**WHAT IS REQUIRED**. Work out the number of lines below containing the word "album" and give nothing besides it.

Saved entries:
*** Block opens ***

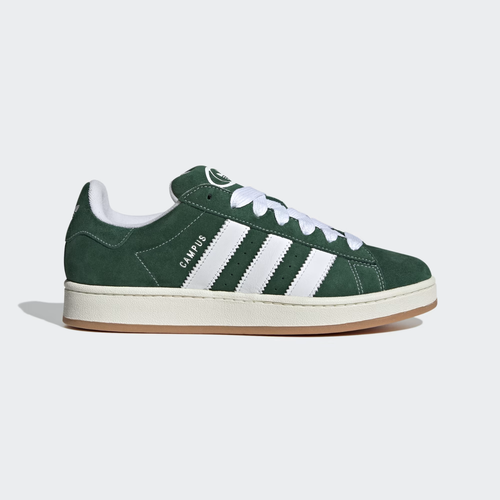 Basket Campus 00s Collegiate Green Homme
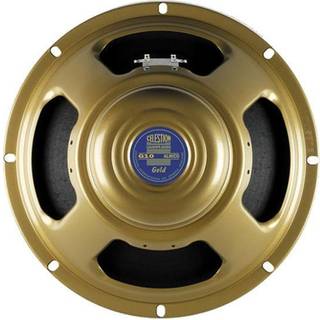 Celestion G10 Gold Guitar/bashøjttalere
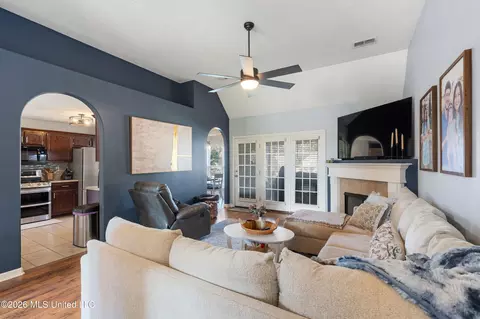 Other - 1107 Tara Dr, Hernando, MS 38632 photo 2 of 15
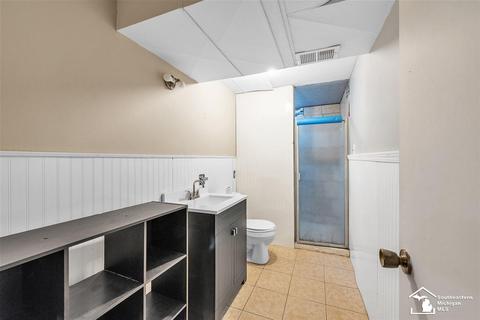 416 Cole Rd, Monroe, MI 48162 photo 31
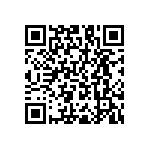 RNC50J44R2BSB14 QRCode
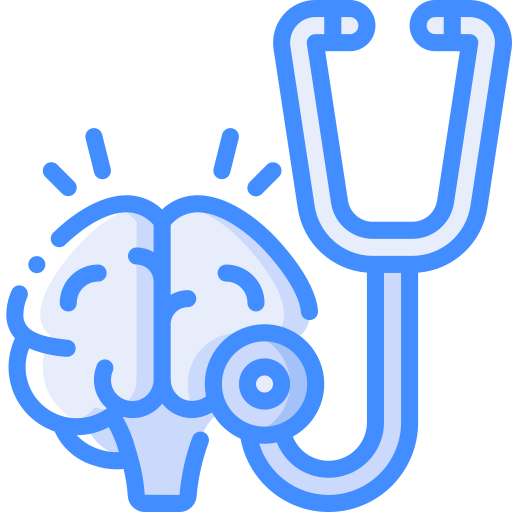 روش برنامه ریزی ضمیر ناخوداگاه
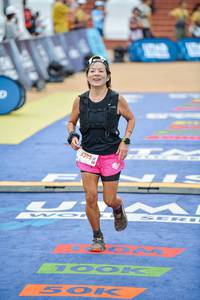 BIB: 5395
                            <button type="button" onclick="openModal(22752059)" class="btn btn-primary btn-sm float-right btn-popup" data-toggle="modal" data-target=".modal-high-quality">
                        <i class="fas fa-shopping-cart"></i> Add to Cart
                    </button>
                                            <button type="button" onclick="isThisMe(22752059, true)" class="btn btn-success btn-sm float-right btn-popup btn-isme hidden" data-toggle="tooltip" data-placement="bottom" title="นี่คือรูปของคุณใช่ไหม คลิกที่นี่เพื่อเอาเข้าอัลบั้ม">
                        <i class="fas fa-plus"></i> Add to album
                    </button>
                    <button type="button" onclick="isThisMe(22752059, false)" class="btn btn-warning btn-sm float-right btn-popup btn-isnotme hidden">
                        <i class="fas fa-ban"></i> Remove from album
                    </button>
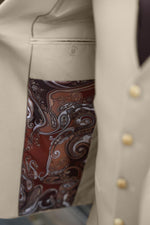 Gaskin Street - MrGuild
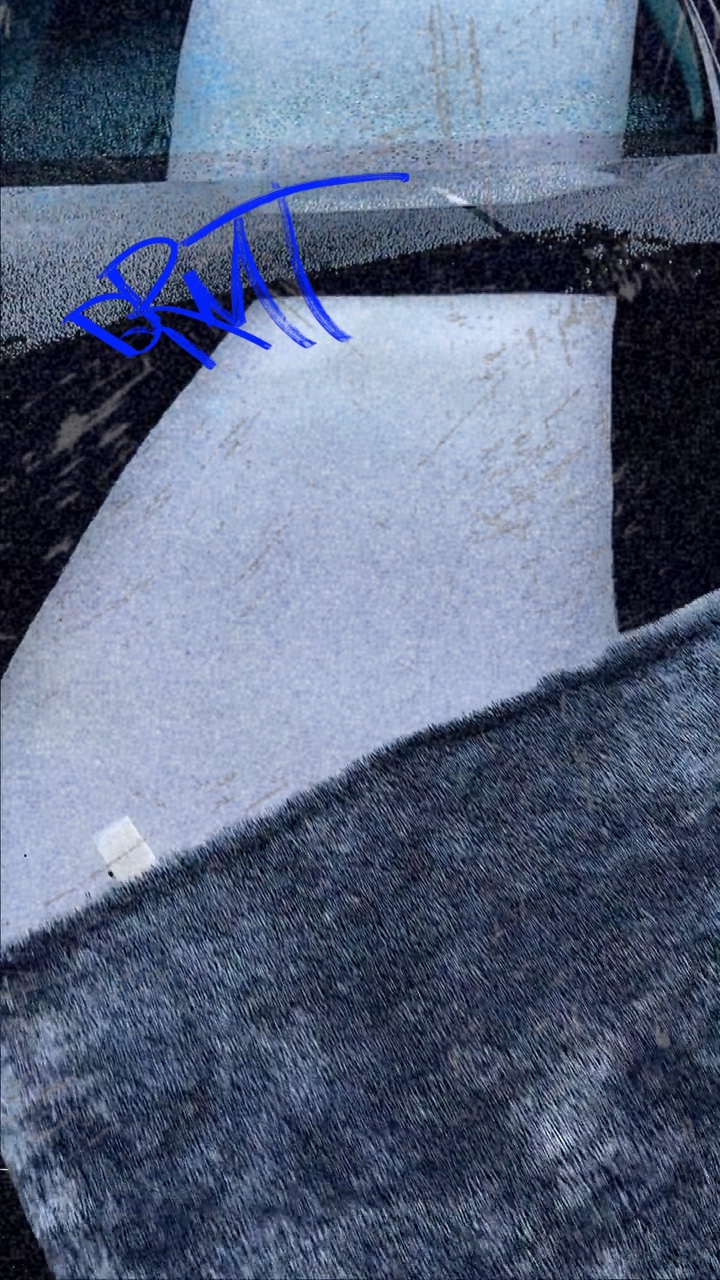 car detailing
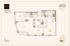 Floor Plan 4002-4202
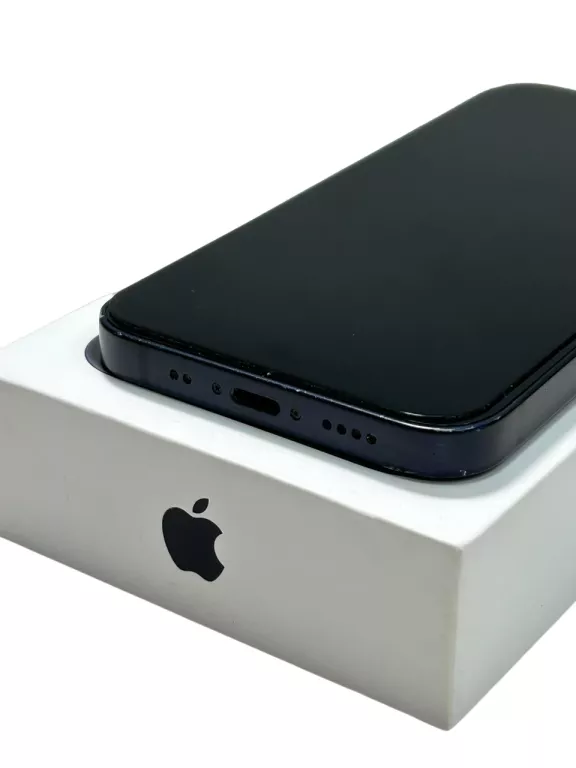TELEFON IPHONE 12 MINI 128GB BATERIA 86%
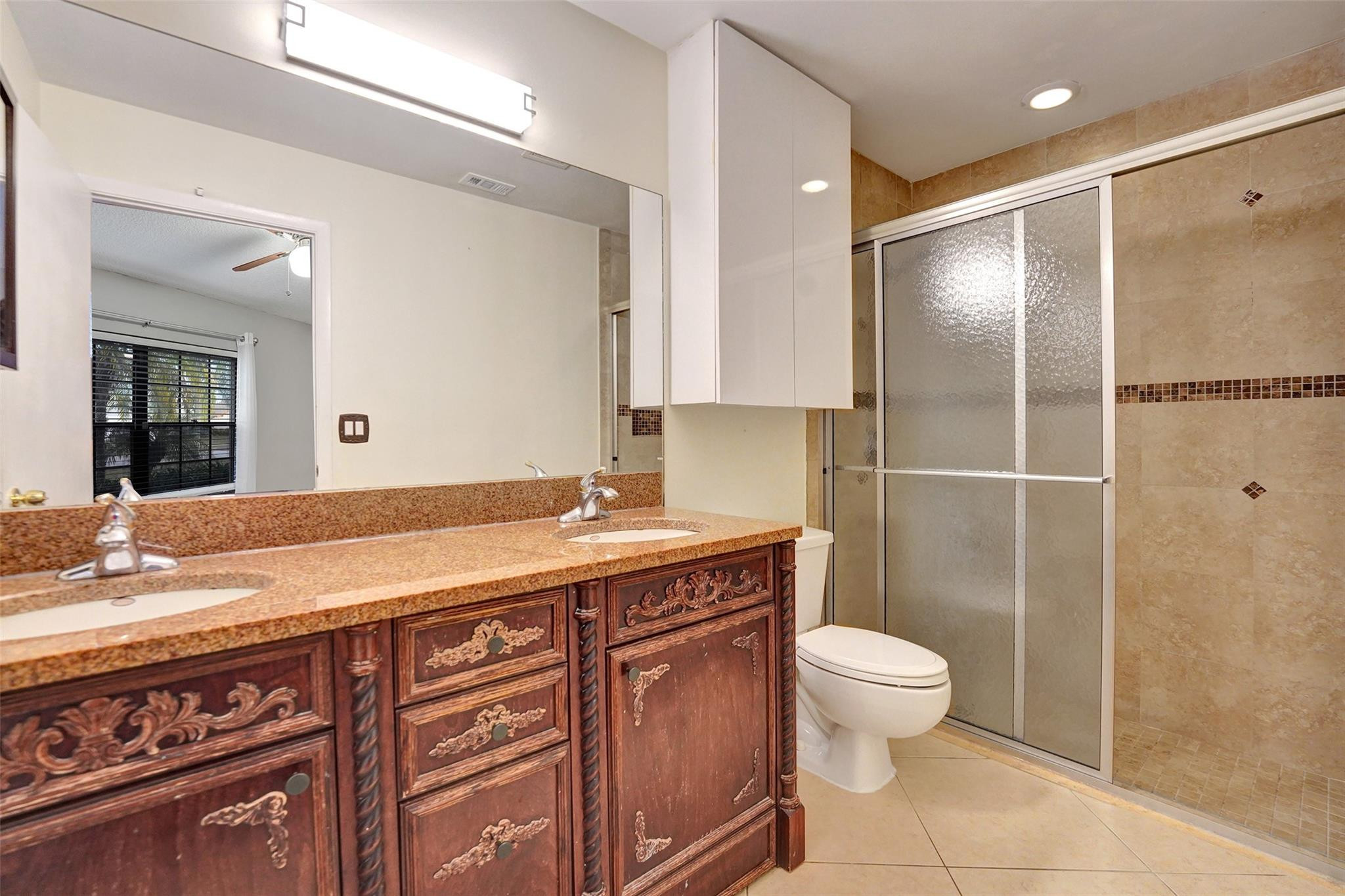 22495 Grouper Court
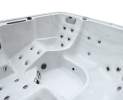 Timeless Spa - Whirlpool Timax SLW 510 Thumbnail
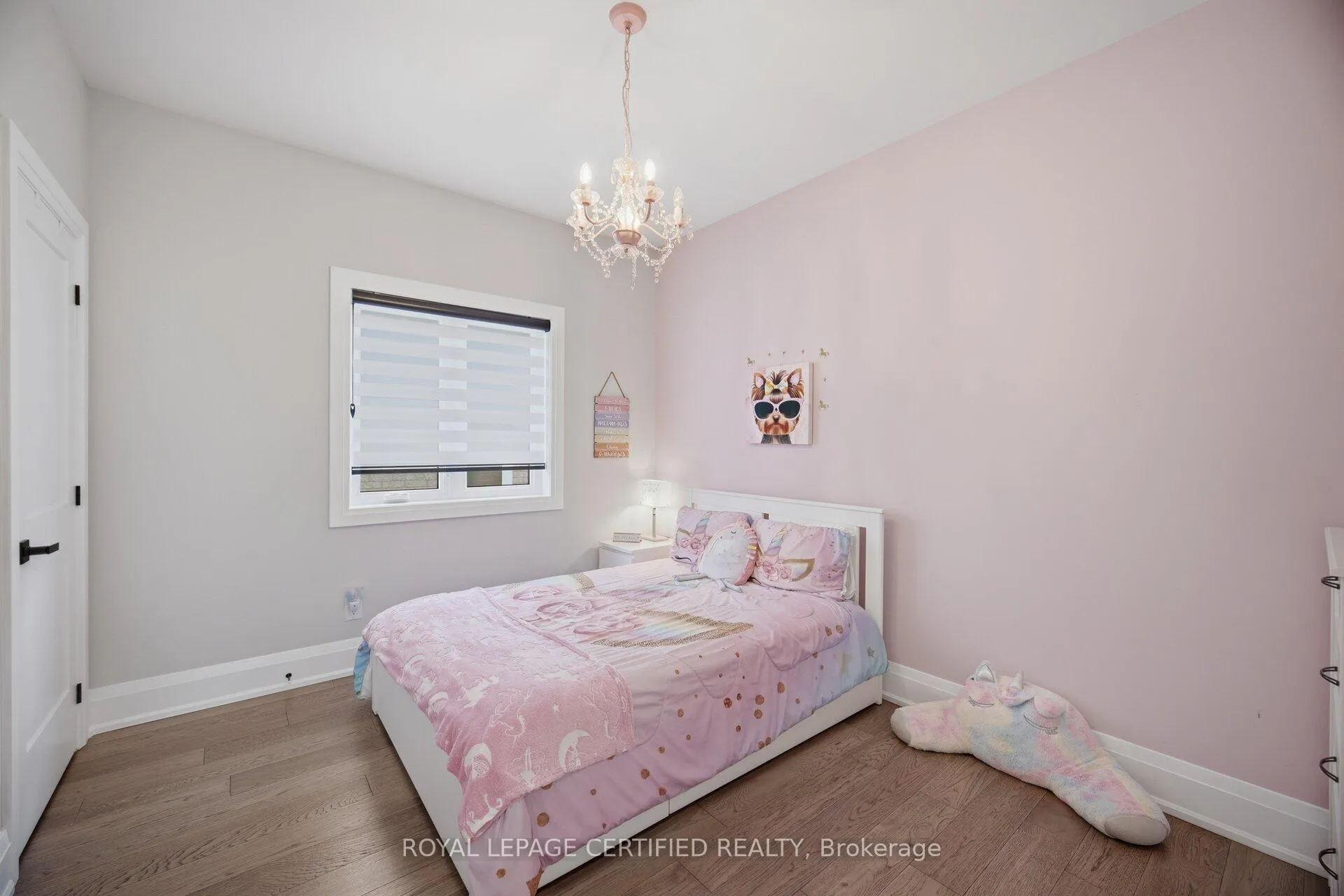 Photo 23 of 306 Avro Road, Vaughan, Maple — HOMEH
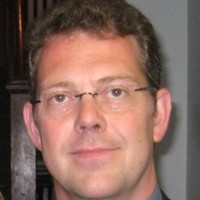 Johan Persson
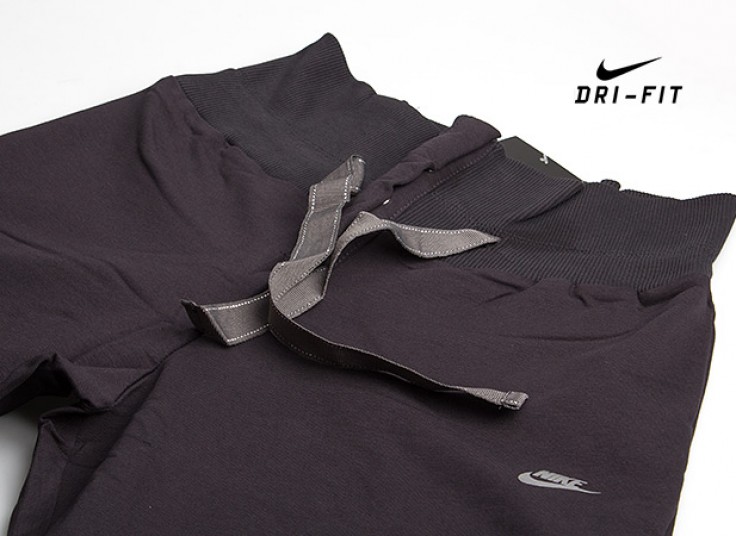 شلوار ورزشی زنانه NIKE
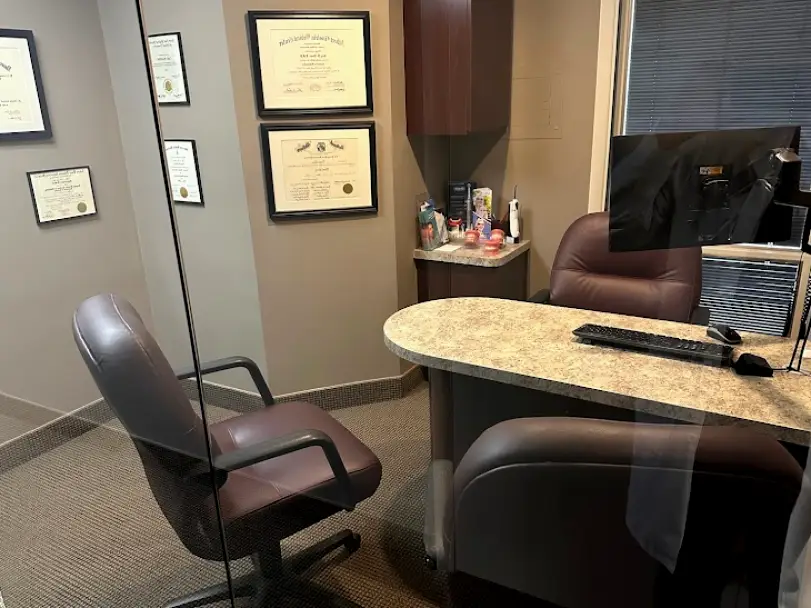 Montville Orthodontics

*** Block closes ***

**TASK OUTPUT**. 2